- [WORK INSTRUCTION]:
The required result is an exact copy of every line from the one with "Продам 2-о кімнатну" through the last line below, with the pictures left out.

*** Opening of DATA BELOW ***

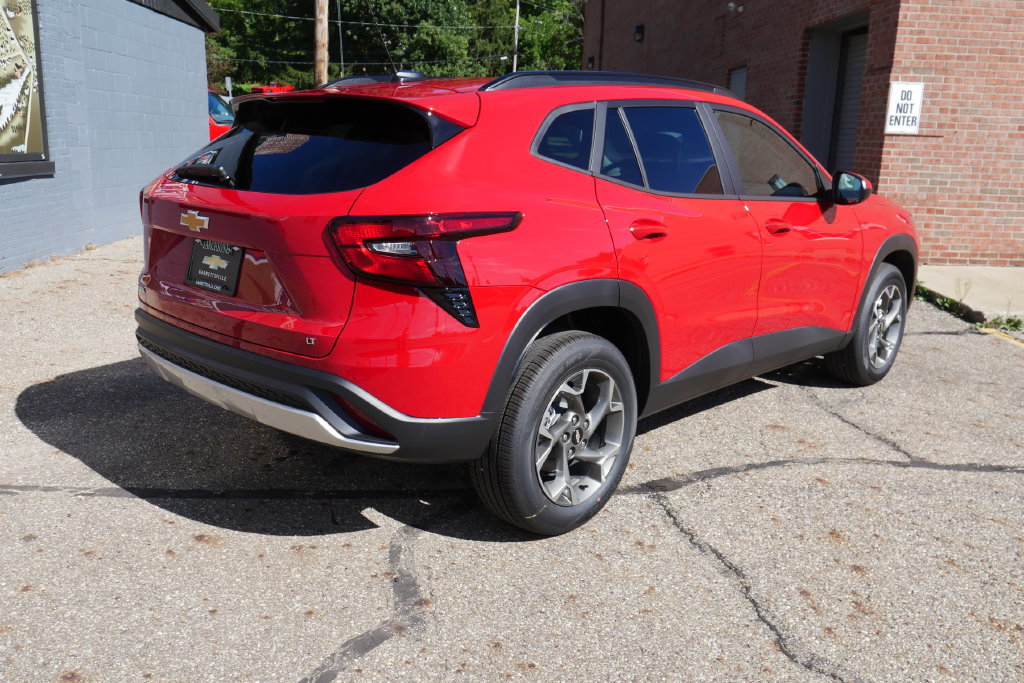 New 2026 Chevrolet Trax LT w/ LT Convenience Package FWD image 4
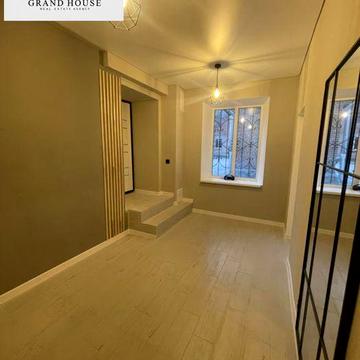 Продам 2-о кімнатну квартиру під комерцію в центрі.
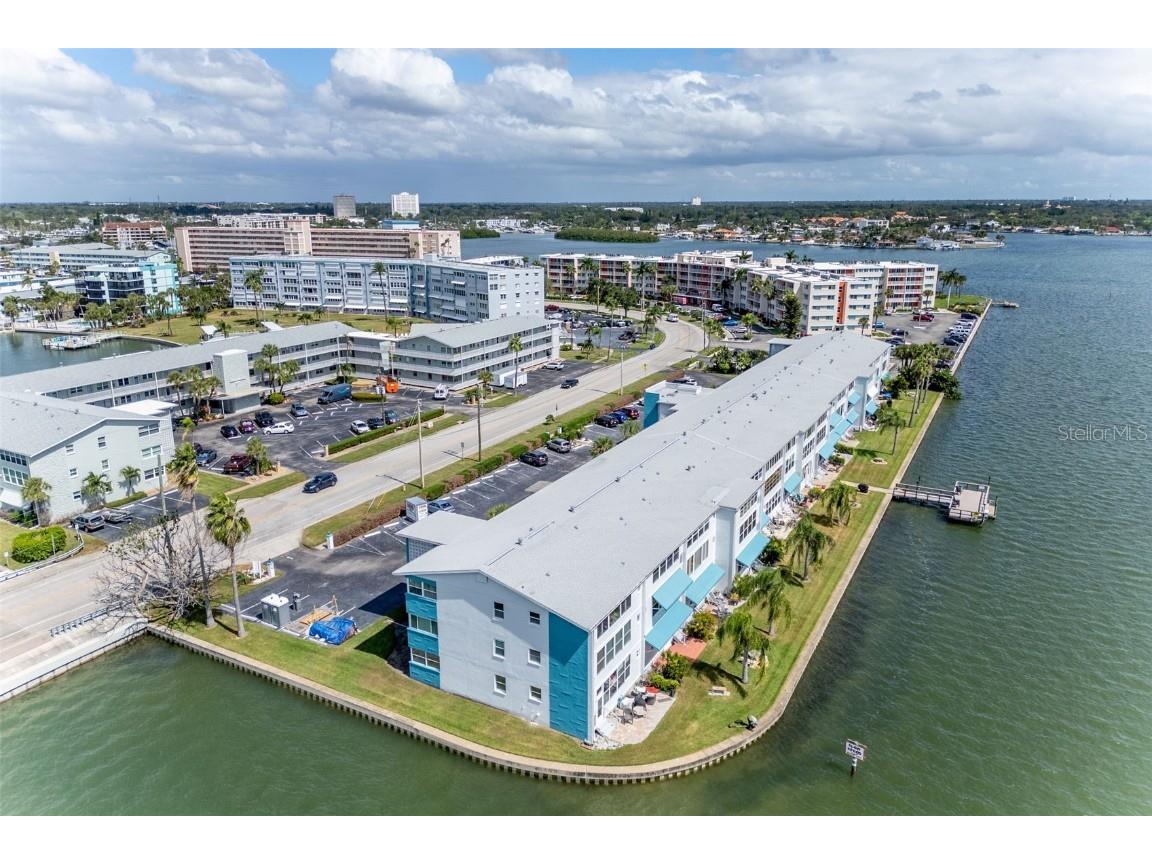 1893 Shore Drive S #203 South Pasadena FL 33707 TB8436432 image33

*** Close of DATA BELOW ***

- [ANSWER TO THE PROBLEM]:
 Продам 2-о кімнатну квартиру під комерцію в центрі.
 1893 Shore Drive S #203 South Pasadena FL 33707 TB8436432 image33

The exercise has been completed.